Transcending cynicism is the first step in envisioning change—but envisioning change isn’t the same thing as creating it. The next step in the process is hardly a matter of “better technology”—i.e., a better (less radioactive?) means of killing the enemy. The next step involves a change in humanity’s collective consciousness. As far as I can tell, we’re caught—horrifically caged—in the psychology of a border-drawn, divided planet. Social scientist Charles Tilly once put it with stunning simplicity: “War made the state and the state made war.”
The human race cuddles with the concept of “state sovereignty.” It’s the basic right of the 193 national entities that have claimed their specific slices of Planet Earth—and I certainly understand the “sovereignty” part. Who doesn’t want to make his or her own life decisions? But the “state” part? It’s full of paradox and contradiction, not to mention a dark permission to behave at one’s worst. The militarism that worships the nuclear genie couldn’t exist without state sovereignty.
To me the question in crucial need of being asked right now is this: What is our alternative to nationalism, which currently claims free reign on the planet? And nationalism strides with a lethal swagger—especially nuclear-armed nationalism. For instance, as The Associated Press recently reported:
President Vladimir Putin said Wednesday that Russia is ready to use nuclear weapons if its sovereignty or independence is threatened, issuing another blunt warning to the West just days before an election in which he’s all but certain to secure another six-year term.
Or here’s The Times of Israel: “Heritage Minister Amichai Eliyahu said Sunday that one of Israel’s options in the war against Hamas could be to drop a nuclear bomb on the Gaza Strip...”
Plunk! Finish the job!
And then, of course, there’s the global good guy—USA! USA!—leading the charge to bring peace to the world wherever and however it can: for instance, by claiming “sovereignty” (you might say) over the national interests of South Korea and declaring, as Simone Chun puts it at Truthout, a “new Cold War with China” and implementing a “massive expansion of the provocative U.S.-led military exercises in the Korean Peninsula.”
Wow, a new Cold War! Over 300,000 South Korean troops and 10,000 American troops, in a series of war games known as “Freedom Shield 2024,” have conducted numerous field maneuvers, including bombing runs, at the North Korean border.
Chun writes: “The combined United States Forces Korea (USFK) and South Korean forces far overshadow those of North Korea, whose entire military budget is $1.47 billion compared to that of South Korea at $43.1 billion, not to mention that of the U.S. at $816.7 billion...”

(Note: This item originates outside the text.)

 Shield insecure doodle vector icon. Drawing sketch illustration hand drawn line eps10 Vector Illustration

“The U.S. is using North Korea as a pretext for its new Cold War against China,” she goes on, “and, with its control of 40% of the world’s nuclear stockpile, is even willing to risk nuclear war to further its geopolitical aims.”

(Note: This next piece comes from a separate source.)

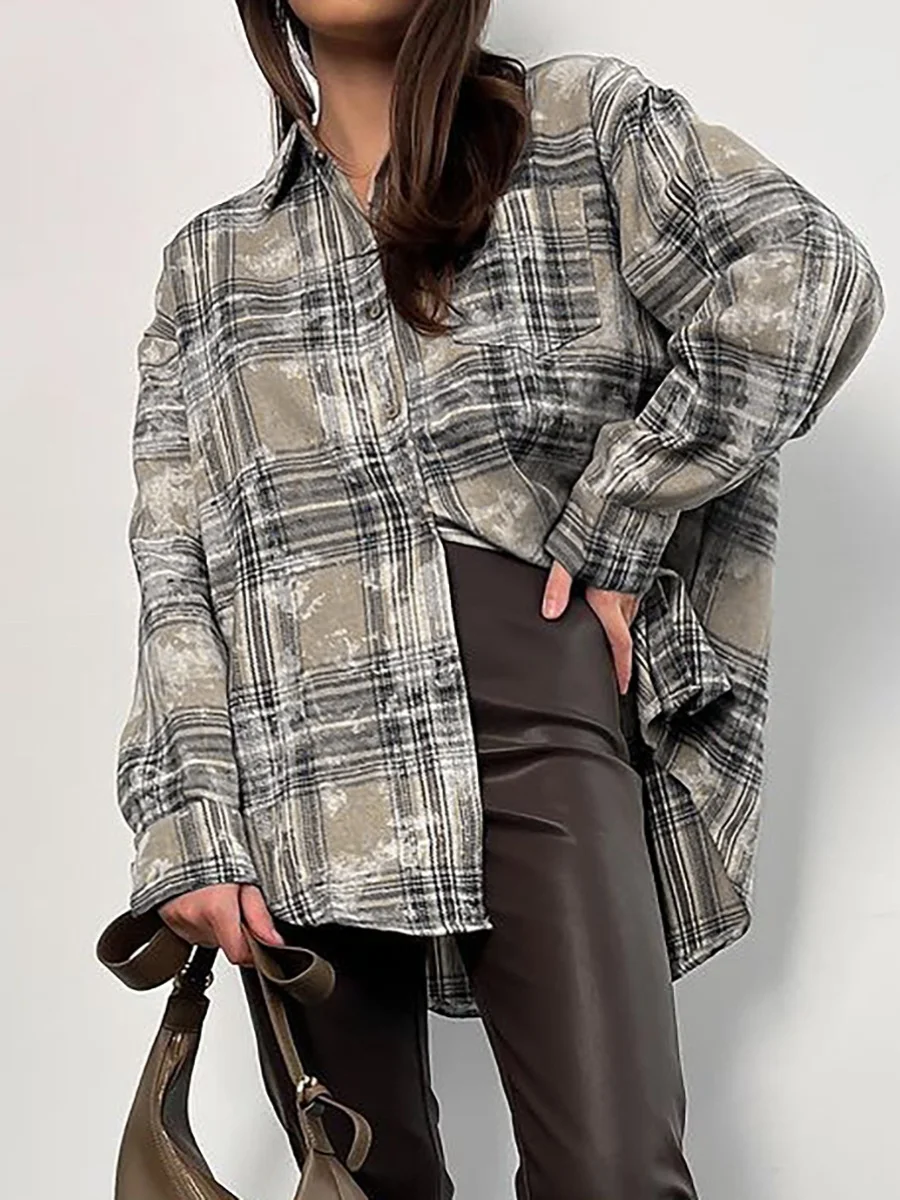 

Loose Fit Pure Cotton Long Sve Plaid irt Women's Original Design Turn-down Collar Regular Length Comfortable Casual irt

And she quotes Noam Chomsky who, addressing the country’s blatant indifference to this risk, points out that “the United States always plays with fire.”
How do we get it to stop?
We live in a self-declared democracy but we, the people, are not the ones with real authority here. Those who run the show seem essentially blind to the consequences of militarism, war and, for God’s sake, nukes. Having power means having the ability to threaten—and, if necessary, cause—harm... beyond their divinely sanctioned borders, of course (not counting the likely consequences that know no borders).
If Tilly is right—if “war made the state and the state made war”—then the state, as currently perceived, at least by those besotted with military power, is the problem. Knowing this is the beginning... but of what? Survival means finding an answer.